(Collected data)
*** Begin section ***

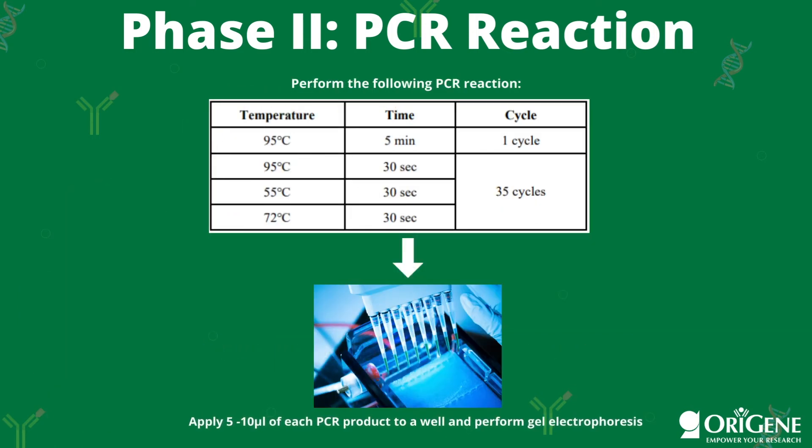After setting up the reactions, perform the PCR reaction as depicted in this table. After the reaction is complete, apply 5 to 10 microliters of each PCR product to a well and perform gel electrophoresis.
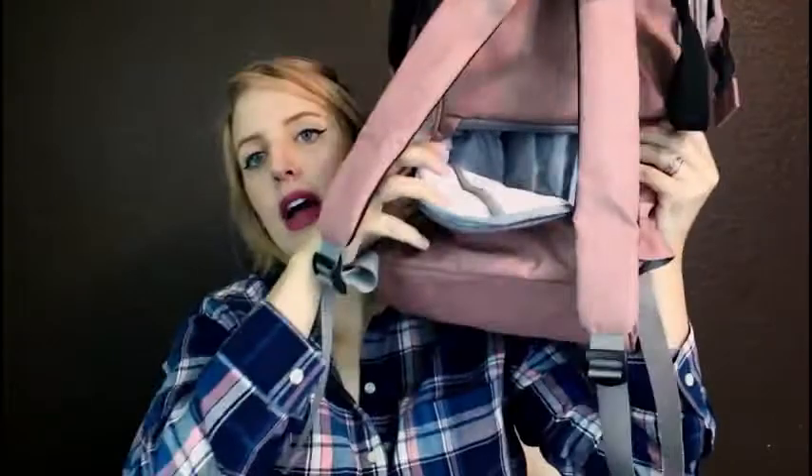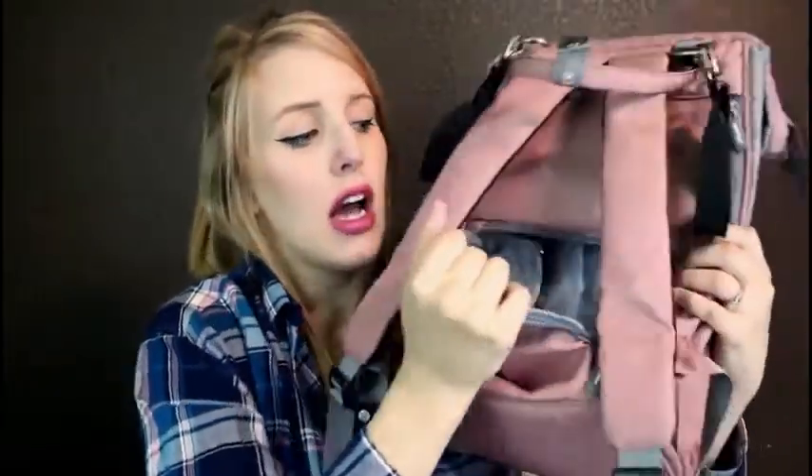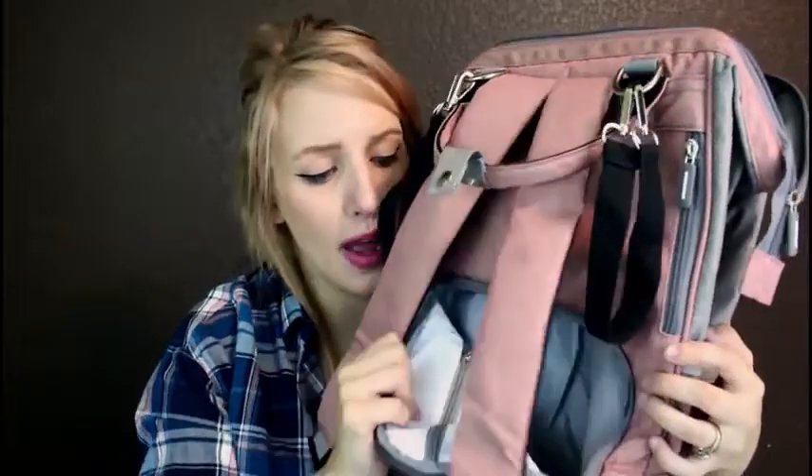Right here on the bottom there is another zipper, and this allows you to have easy access to the bottom of the diaper bag. So if you want to stick all of your diapers, wipes, or even a change of clothes down there, you can just easily reach down here and grab them without having to dig through and pull stuff out of the top.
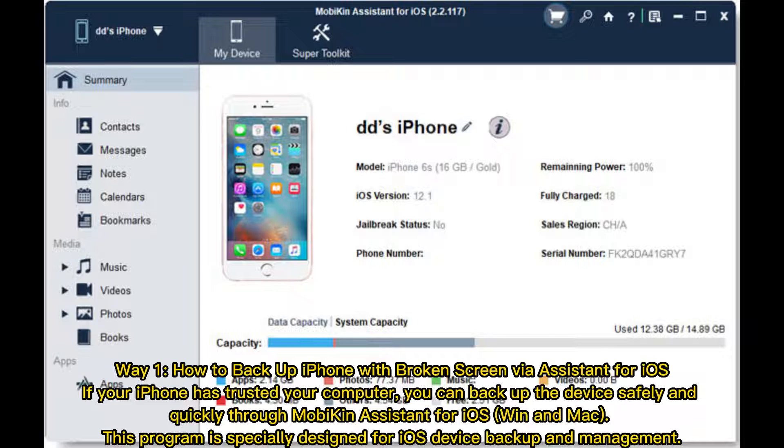Way 1: How to Backup iPhone with Broken Screen via Assistant for iOS. If your iPhone has trusted your computer, you can back up the device safely and quickly through Mobikin Assistant for iOS on Windows and Mac. This program is specially designed for iOS device backup and management.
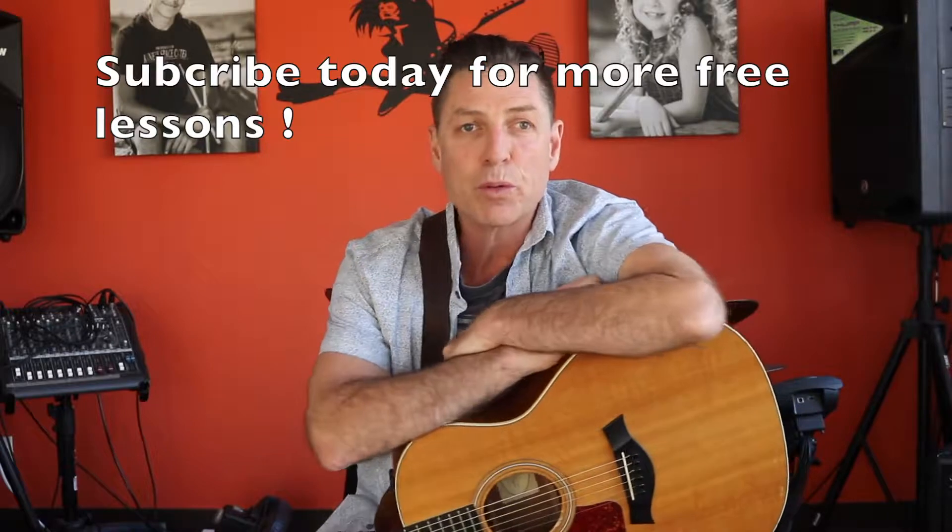All right. So that was More Than Words by Extreme. I hope you enjoyed this tutorial. The best way to practice this is to go through each part slowly, and then maybe put on the video. On YouTube you can obviously slow down the video — work it at 50%, then 75%, then up to 100% until you have it at full speed. One other item you need to know: this is a half step down, so you'll have to tune your guitar a half step down as well in order to have this correctly. Good luck to you, hope you have fun with it, and we'll see you on the next one.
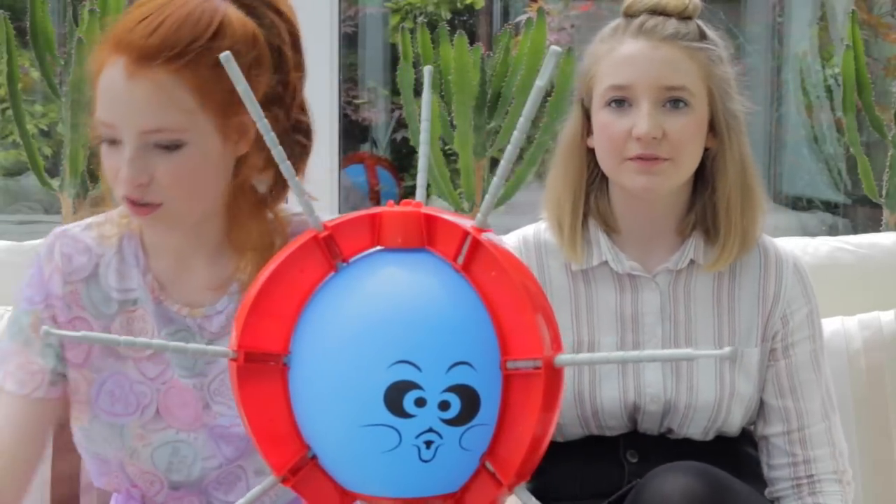Hello everybody, it's me Nia and I'm joined with Daisy and we are going to play Boom Boom Balloon, which is basically where you get a balloon in the thing and you roll a dice and then however many it rolls on you basically push the things. Should we just get started with it? Yeah, I think we should. Let's do this.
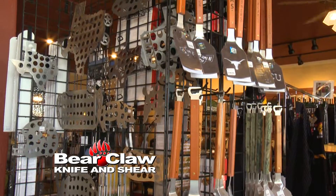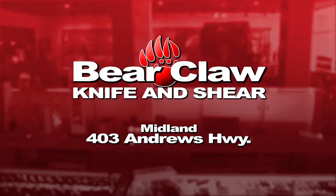CHL Licensing Class. Have you wanted to get your concealed handgun license? Now you can at Bear Claw Knife and Shear.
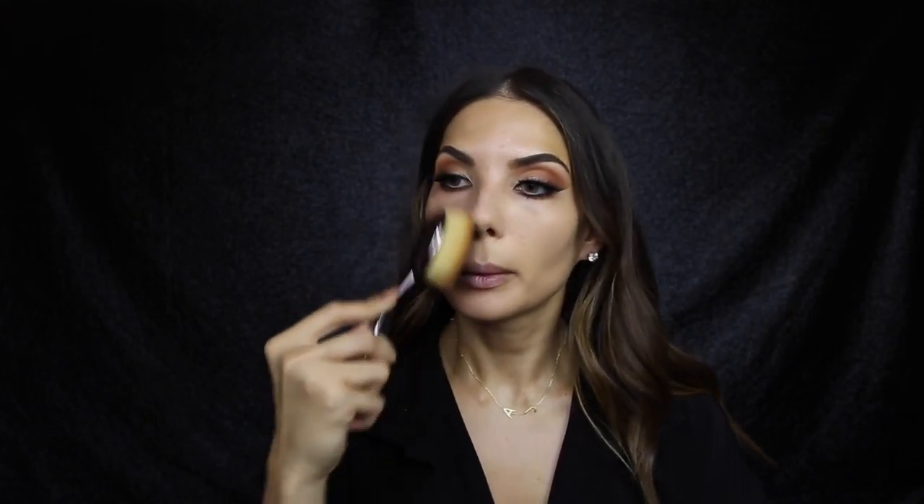For today's foundation I'm using Makeup Forever's Ultra HD, the color 140, and I'm just going to use the artist brush - the size is number 8. I just dip it into the foundation on the back of my hand and brush it onto the skin.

*** End section ***

▸ Problem statement: Print exactly the lines from the one containing "CHL Licensing Class." through the last line of the records, both included, and leave out the pictures.

▸ Solution for this exercise:
CHL Licensing Class. Have you wanted to get your concealed handgun license? Now you can at Bear Claw Knife and Shear.
For today's foundation I'm using Makeup Forever's Ultra HD, the color 140, and I'm just going to use the artist brush - the size is number 8. I just dip it into the foundation on the back of my hand and brush it onto the skin.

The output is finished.